As Baltimore Mayor, Stephanie Rawlings-Blake, issues the controversial directive to give space to those who “wish to destroy”, the city continues to burn with racial unrest and anger. Peaceful protests following the death of a young black man, Freddie Gray (dead from injuries inflicted while in police custody), quickly devolved into violent clashes between law enforcement and protesters. Maryland Governor, Larry Hogan, sent National Guardsmen to the city, Tuesday morning, to help contain the chaos that persisted through the night, leaving property destruction, looting and injured law enforcement.
Over 500 rifle-toting National Guardsmen were deployed to help restore order to the streets of Baltimore with up to 5000 being made available if needed. 15 police officers were injured, six requiring hospitalization, after protesters hurled rocks, bricks and bottles toward police lines.

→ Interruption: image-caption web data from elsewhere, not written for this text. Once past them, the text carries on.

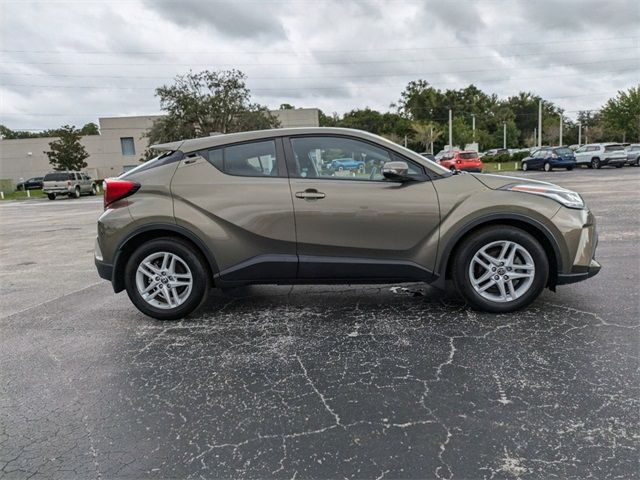 2021 Toyota C-HR LE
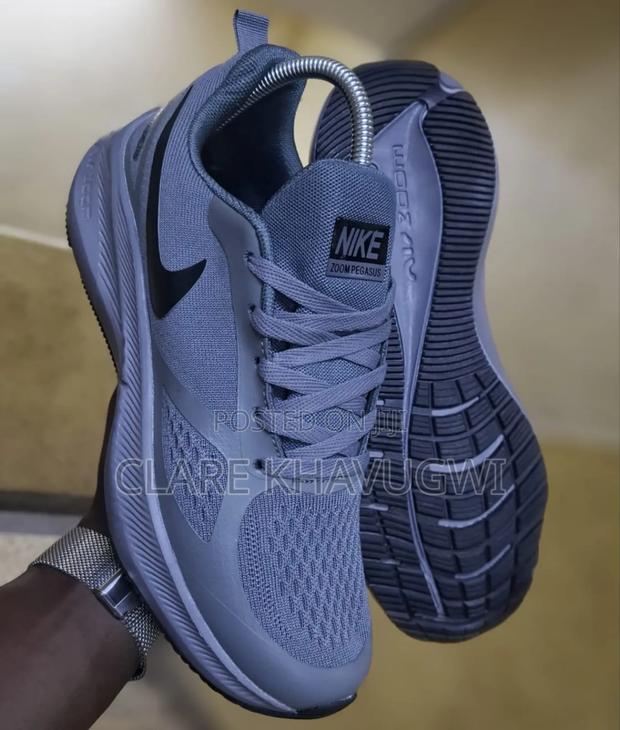 Nike Zoom Sneakers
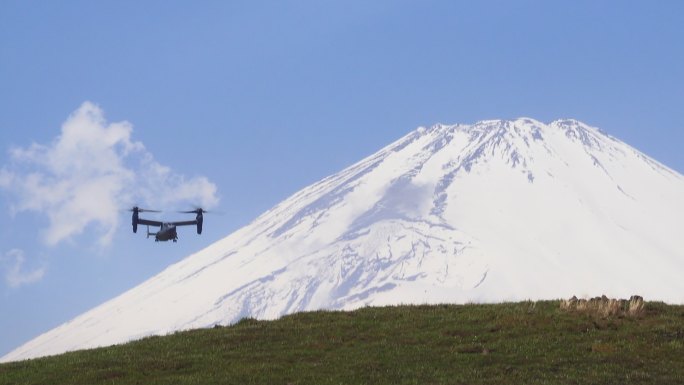 贝尔波音CV-22B鱼鹰倾翻式军用飞机在富士山前飞行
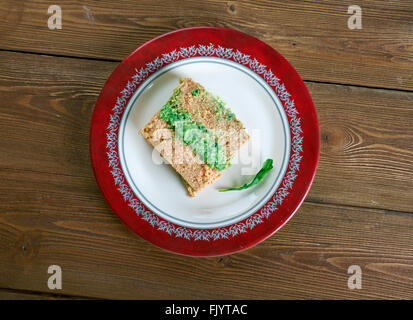 Terrina di salmone , con pasta e fagioli verdi e salsa di erbe Foto Stock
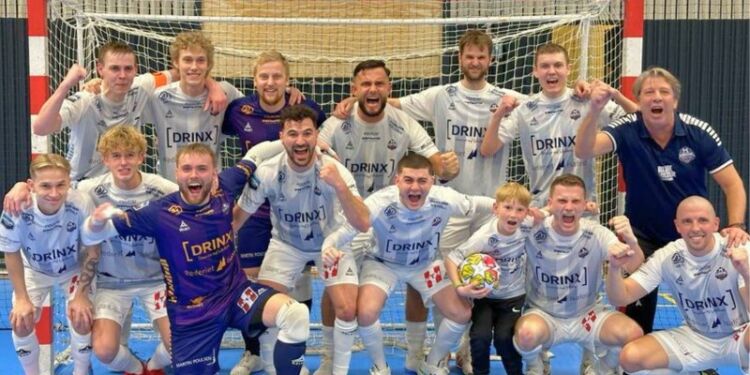 Begejstrede spillere på førsteholdet hos Hjørring Futsal Klub. Foto: Simon Knudsen.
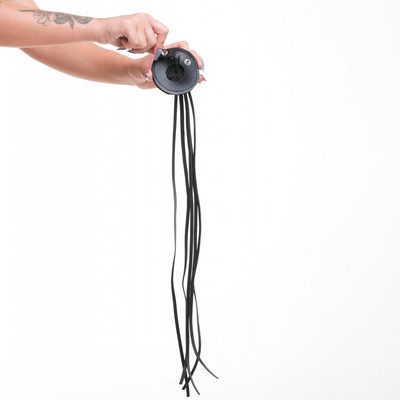 Chicote em Couro Sintético Com Encaixe para Prótese Peniana - Sexy Fantasy Linha Sado | 41 cm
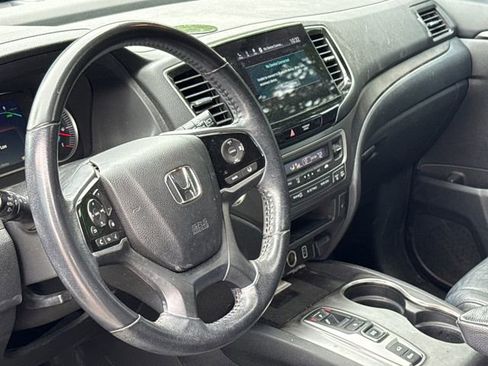 Used 2021 Honda Pilot Special Edition image 16
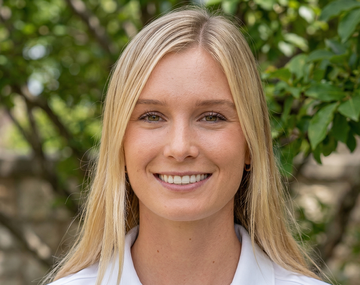 Los videos de Fini Lanusse, la imputada por robo de propofol en el Hospital Italiano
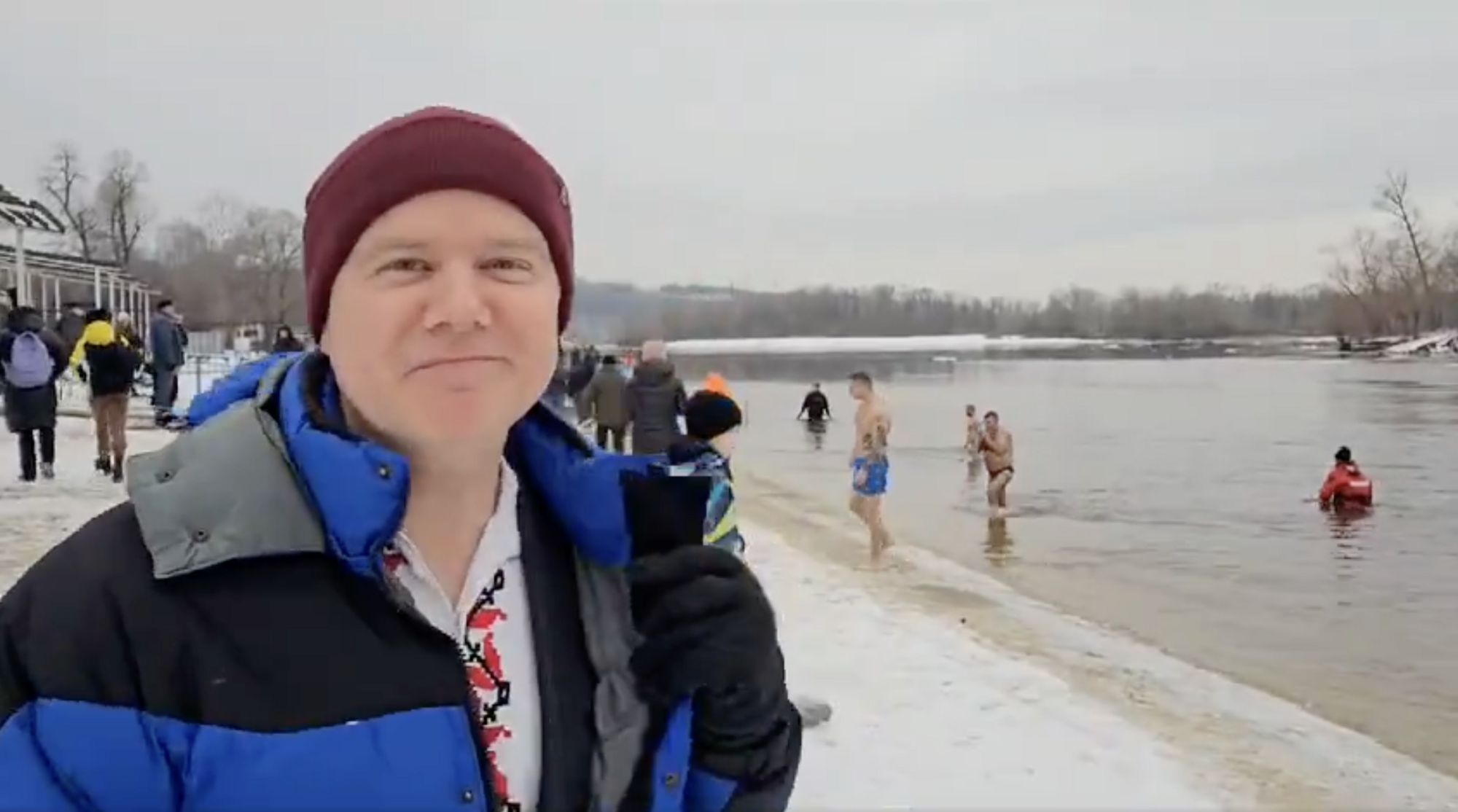 British Ambassador to Ukraine dipped into icy water on the occasion of Epiphany and wished Ukrainians victory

Thus far, over 200 people have been arrested and authorities report more than one hundred vehicle and structural fires. Schools were cancelled Tuesday and transit was suspended in many parts of the city. The mayor planned to institute a mandatory 10 PM curfew on Tuesday evening. Critics of the mayor’s leadership facing this alarming escalation of unrest say these efforts are too little, too late.
25-year-old Freddie Gray died from a severe spinal cord injury and a crushed larynx. Gray was originally taken into custody April 19 for possession of a switch-blade discovered after he fled from patrolmen in a section of Baltimore known for gang and drug activity. Witnesses report that Gray did not physically resist arrest but was dragged forcefully toward a police van. One witness claimed that Gray was “folded,” with one officer bending his legs backward while another officer pinned his neck to the sidewalk. Video showed officers beating the man with batons.

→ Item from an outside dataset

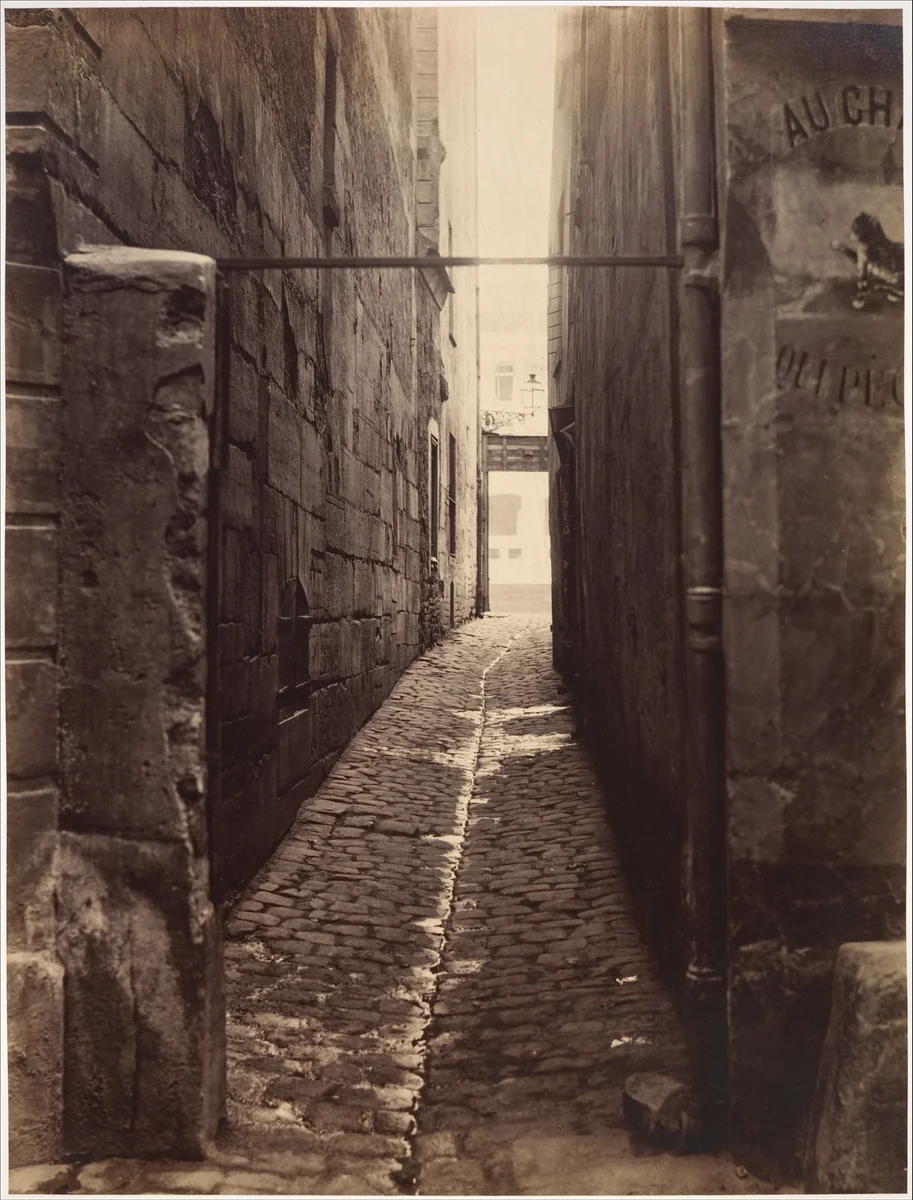 Rue du Chat-qui-Pêche (from the Rue de la Huchette) by Charles Marville, photograph, 1866-1870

Exactly what happened after Gray was placed into the transport van remains in dispute. Police records show that the suspect was transported without incident to holding. However, within 30 minutes of arrest, paramedics were summoned to the facility as Gray lapsed into a coma and was transported to a University of Maryland Trauma Center. Freddie Gray died one week later. Autopsy reports showed that his spine was severed up to 80 percent at the neck with three fractured vertebrae and an injured larynx.
As a result of preliminary investigation, six Baltimore police officers were suspended without pay pending a report due May 1. On April 24, Police Commissioner, Anthony Batts, admitted that his officers failed to get Gray necessary medical care in a timely fashion. Batts also confirmed that arresting officers failed to buckle Gray into the van properly while being transported to holding. Members of the community are decrying this ill-performed transportation as the perhaps lethal component of Gray’s arrest.

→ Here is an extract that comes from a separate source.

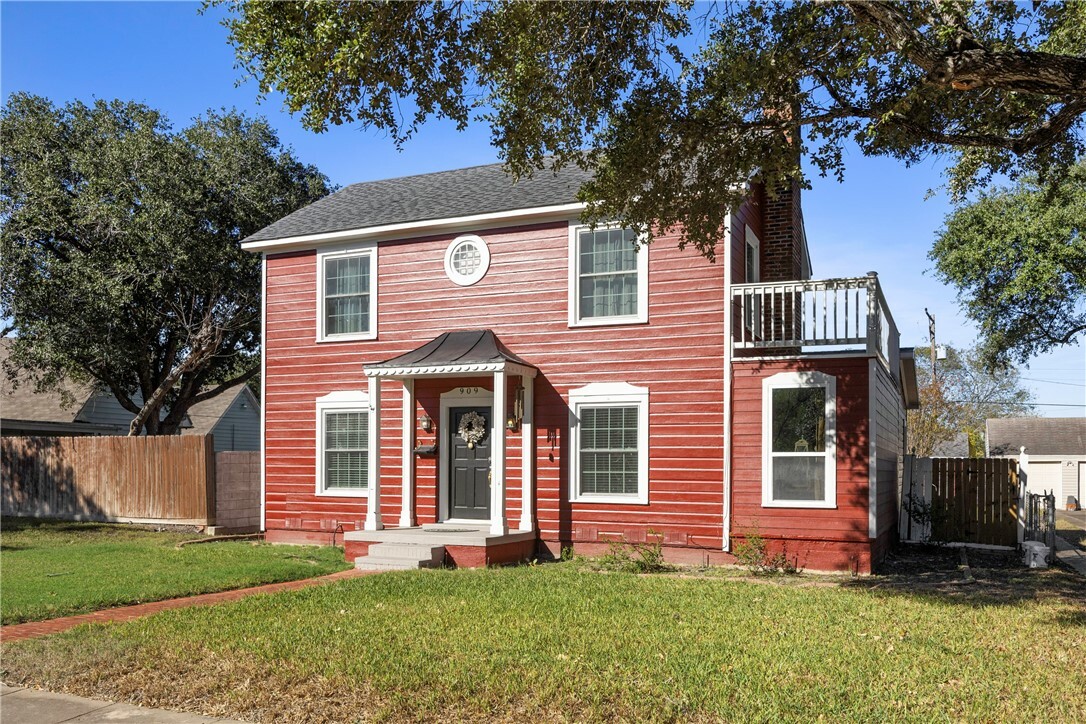 Property Photo:  909 E Market Street  TX 78387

In police circles, it is referred to as the “nickel ride,” nicknamed after a rickety roller coaster ride that slams the rider roughly around after paying the paltry nickel fee. Handcuffed suspects are thrown into the back of transportation vehicles completely unsecured, then slammed around by sharp turns and sudden stops on the way back to the police station. This is tantamount to torture and it is as illegal as it is against police regulations. Baltimore Police have a storied history with this very activity. Another suspect, Dondi Johnson, was killed ten years ago after a rough ride back to central holding. There have been several multi-million dollar settlements for excessive force and police brutality in the city. Obviously, community dissatisfaction with this type of police activity is justified.
However, the violent devolution of righteous demonstration is certainly unjustified. Newly-appointed Attorney General, Loretta Lynch, condemned the rioting, looting and violence against already-reeling law enforcement. She pledged full cooperation with state and local authorities to restore peace to the city. As Baltimore burned Monday night, many officials pointed to the mayor’s “space to destroy” comments as an indication of her poor response to the growing unrest in her city and even tacit approval for vandalism.
Rawlings-Black initially attempted to deny making the comments and then tried to back-peddle the connotation of the statements. She had ordered police to stand down amid protests after the funeral of Freddie Gray. Furthermore, as protests escalated to violence, police refused to intervene in many instances. Over the weekend, violence erupted outside the Baltimore Orioles game after protesters began to lob beer cans and bottles into the crowd of Orioles fans. Entrances to the stadium were locked down, limiting fans from exiting or re-entering due to the rioting outside of the facility. Onlookers report that police did not engage perpetrators of violence and property destruction. Many of the injured police officers were wounded during this incident. Sources in the governor’s office report that his office had waited all weekend for contact from Baltimore leadership asking for help as violence escalated dangerously.
No one on either side of this debate denies that the death of Freddie Gray is a tragedy. Responsible law enforcement is difficult enough in without rogue authorities perpetrating their own crime against suspects. While critics are questioning the discretion of the mayor for the wording in her plea for the space to destroy for would-be peaceful protesters, the city of Baltimore continues to figuratively and literally burn with racial hostility and unrest.